The Financial Reporting Council (FRC) has announced a number of changes to the code of corporate governance. The aim is to make UK companies a safer bet for investors, through greater transparency of information and regular business assessments.
All companies which have a Premium Listing of equity shares are required by the UK Listing Authority (UKLA) to report on whether they have complied with the code. They must also explain the reasoning to shareholders if, for any reason, the code has not been followed.
Proposed revisions to the code were first published in April, following consultations in October and November 2013.
The onus will be placed on companies to “robustly assess” their primary risks and explain how each one is being managed or mitigated. They will also need to state whether the business can continue operating and meet its responsibilities from its current position. That claim must come with a specified time period for how long those circumstances remain valid, and the FRC says the stated period should be at least 12 months.
The FRC is attempting to encourage long-term planning by both companies and investors. New rules on shareholder engagement and remuneration policies indicate this approach.

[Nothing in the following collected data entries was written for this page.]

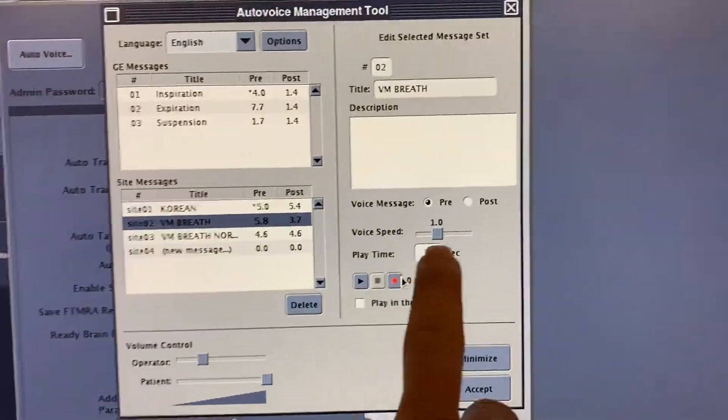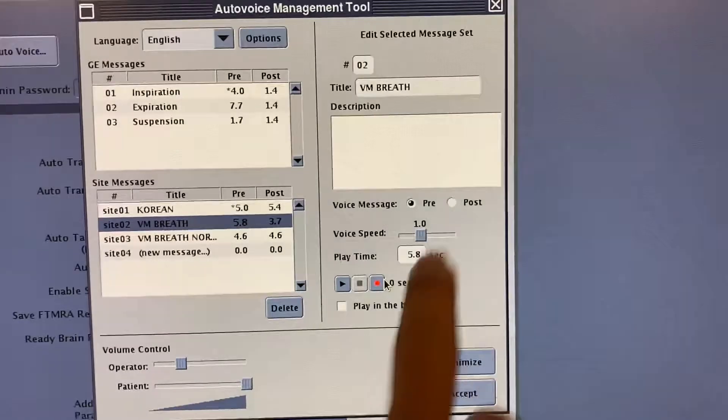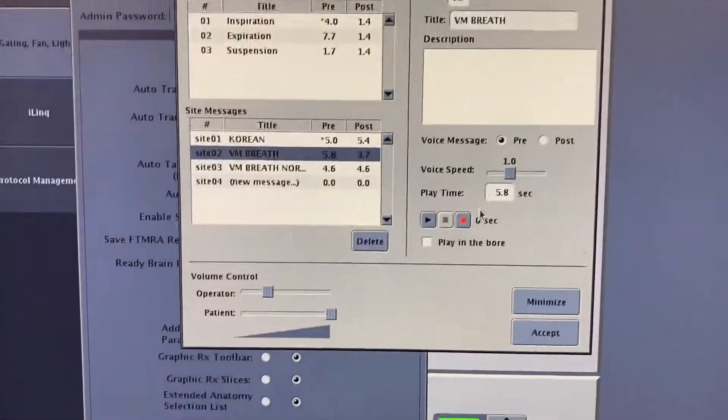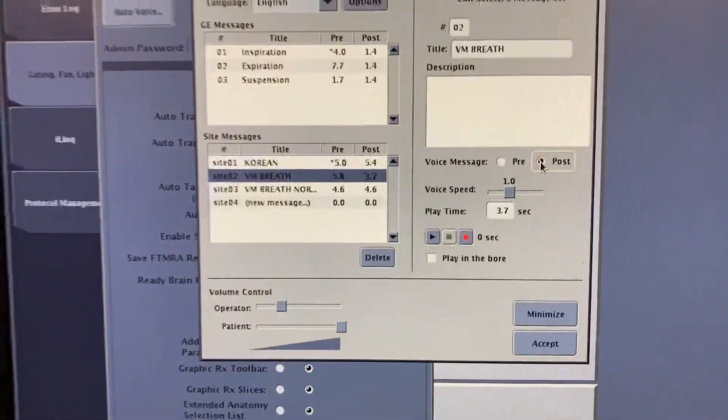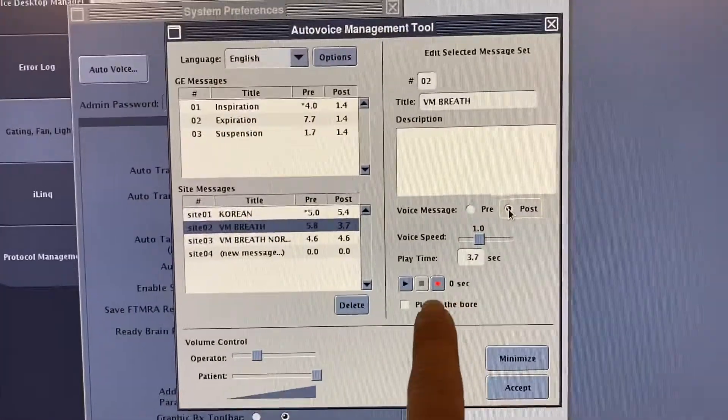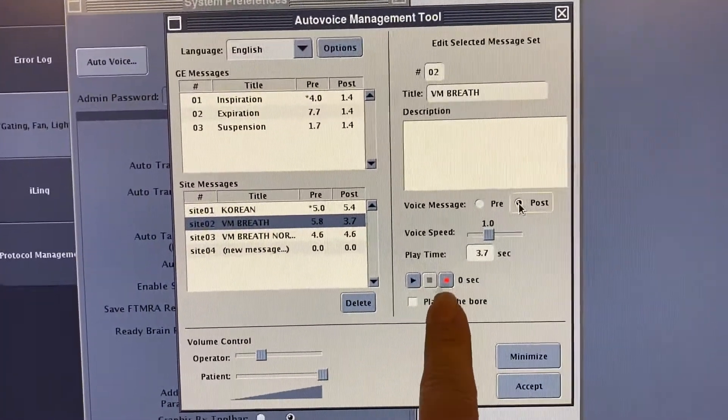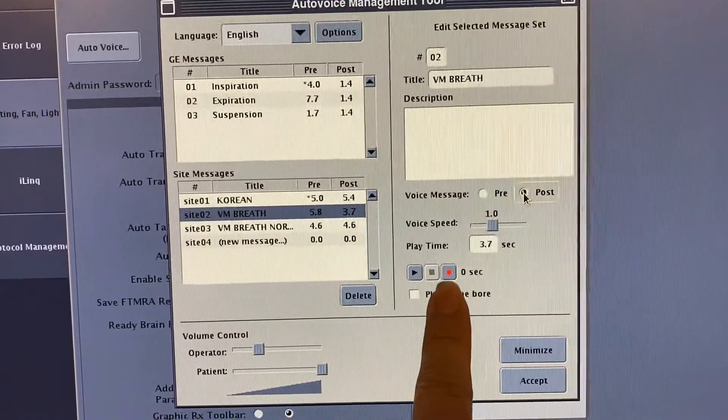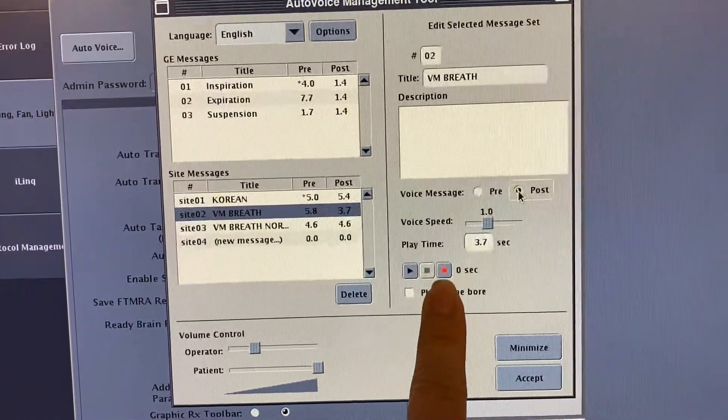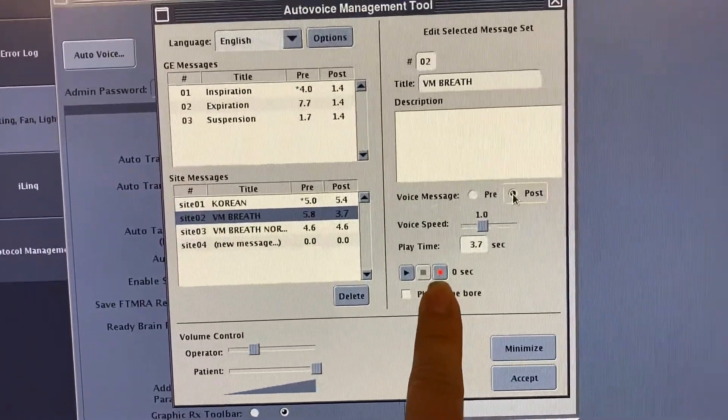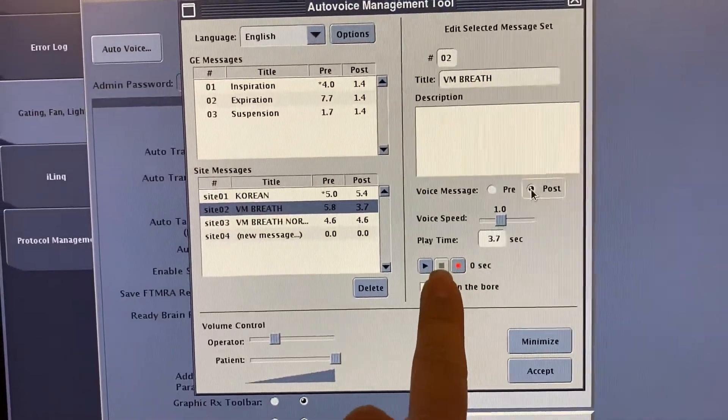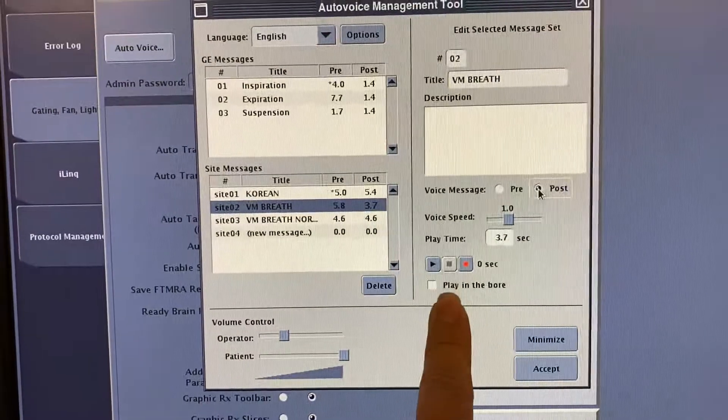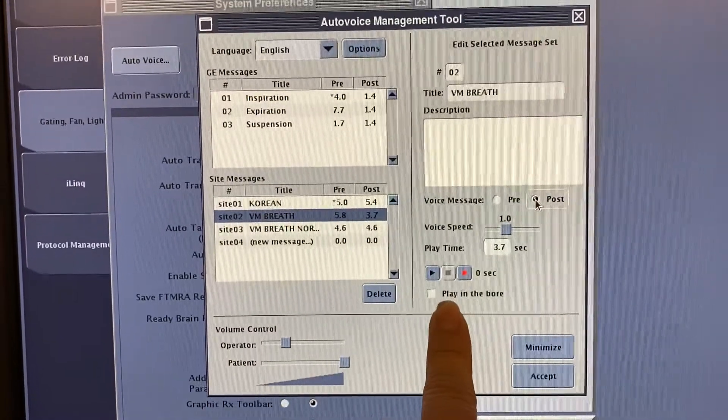Then I'm going to go to post. Click on post and record saying 'breathe' or 'relax' or 'breathe normal,' something of that nature. Then hit stop, and now you're set.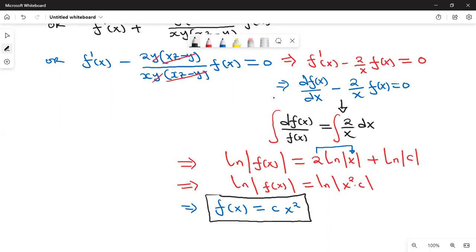Thank you all for watching. Please subscribe to my YouTube channel — Professor Francis Oketch — just type 'Prof Francis Oketch' in the YouTube search. Next time we will look at other problems in partial differential equations. Don't forget to comment, like, and share this video. Bye bye.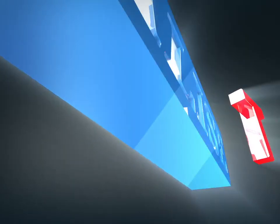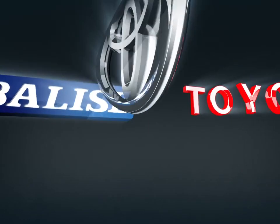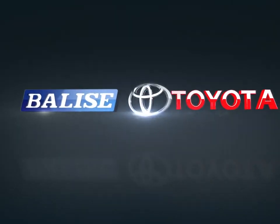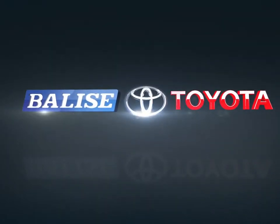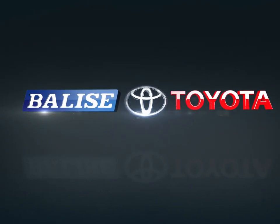Welcome to Balise Toyota. Today we're looking at a 2015 Toyota RAV4.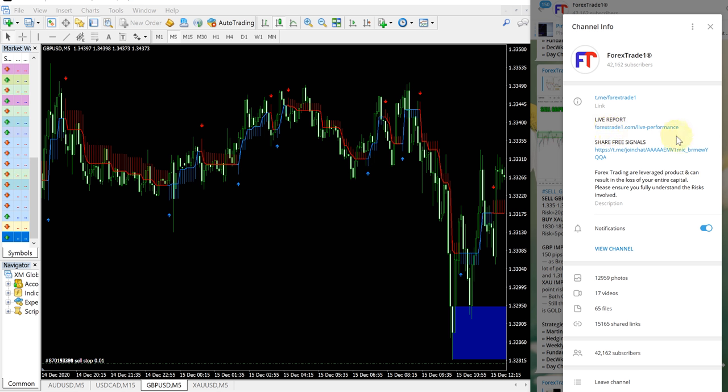This is the link to our live performance records, direct link from our website forextrade1.com. Please check on that as well.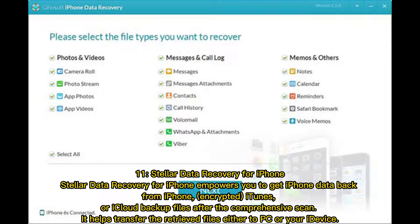11. Stellar Data Recovery for iPhone empowers you to get iPhone data back from iPhone, encrypted iTunes, or iCloud backup files after a comprehensive scan. It helps transfer the retrieved files either to PC or your device.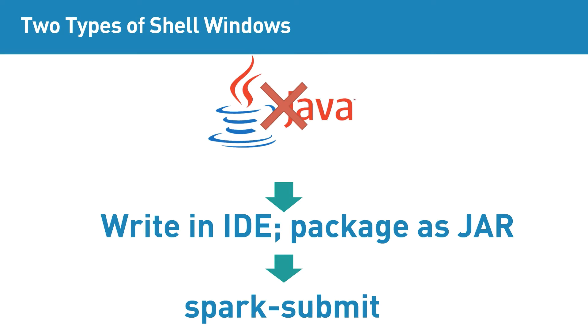We will look in detail on the Spark-Submit command later in the video. For now, install Spark in your machine and let's get started with the shell window.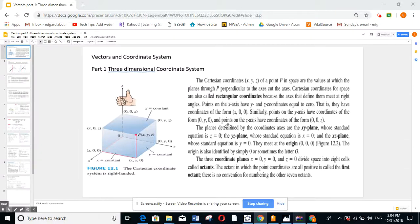Hi students, we're going to start the vector series of videos with part 1: the three-dimensional coordinate system. The three-dimensional coordinate system consists of the x-axis, y-axis, and the z-axis.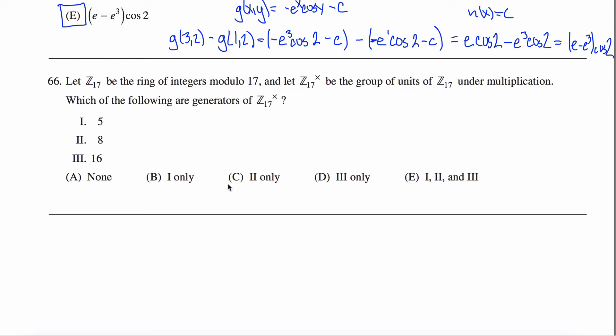Here is problem 66 off the math subject GRE practice test — finally, the last problem. These videos took me forever. I hope this ends up being useful to at least one person in their studies.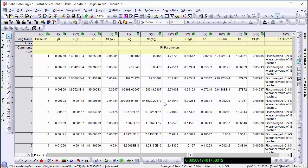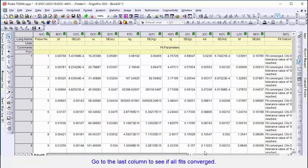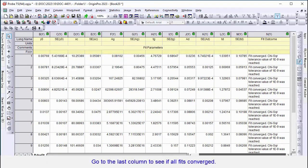First, we can check the last column to see if all the fits converged, and then we can check the parameters.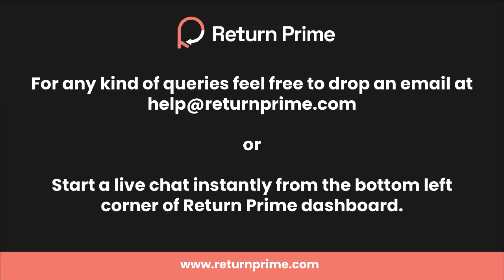Thank you so much for watching. If you have any kind of questions or issues during the process, feel free to drop an email to us at help@returnprime.com or make use of the live chat option available on your Return Prime dashboard, and we promise to ensure everything is up and running for you instantly.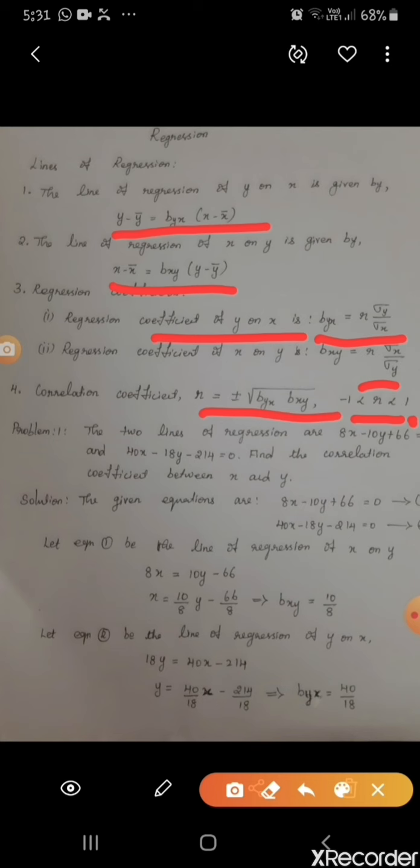This is the formula for calculating the correlation coefficient. We must keep in mind that the value of r lies between minus 1 and plus 1 — the value of r cannot exceed 1 and it cannot be less than minus 1. Now we go for the problem. The two lines of regression are 8x minus 10y plus 66 equal to 0, and 40x minus 18y minus 214 equal to 0. Find the correlation coefficient between x and y.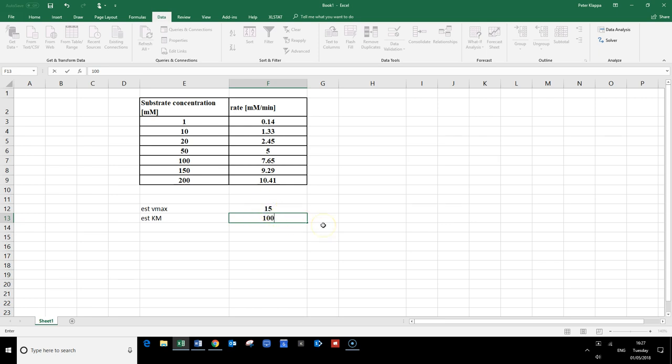In the previous videos I showed you how we can analyze these data with a Lineweaver-Burk plot and an Eadie-Hofstee plot in order to get the true Vmax and the true Km.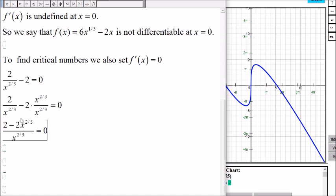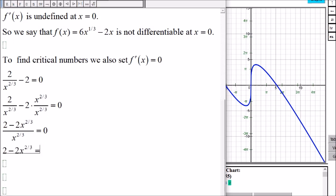This fraction can only equal zero if the numerator equals zero. So we set 2 minus 2x to the two-thirds equal to zero. Dividing everything by 2, we get 1 minus x to the two-thirds equals zero.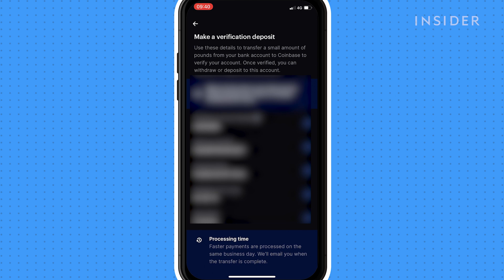You'll see bank details appear. You'll need to send a small amount of money to this account using the reference given here to verify your account. The verification process will take one to two business days.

Executive pay is set to be curtailed, with the FRC recommending holding back or recouping rewards for employee contributions. Companies will also need to keep their shareholders fully informed, and to demonstrate how they will communicate effectively when a majority votes against a business decision.
Confirming the view that corporate governance must be implemented at all levels of a business, the new FRC code puts responsibility on individual board members. As the April report stated: “Absolutely key in these endeavours are the leadership of the chairman of a board, the support given to and by the CEO, and the frankness and openness of mind with which issues are discussed and tackled by all directors.”
All updates made to the code will come into effect for accounting periods which begin on or after October 1st. A further review will take place in 2016.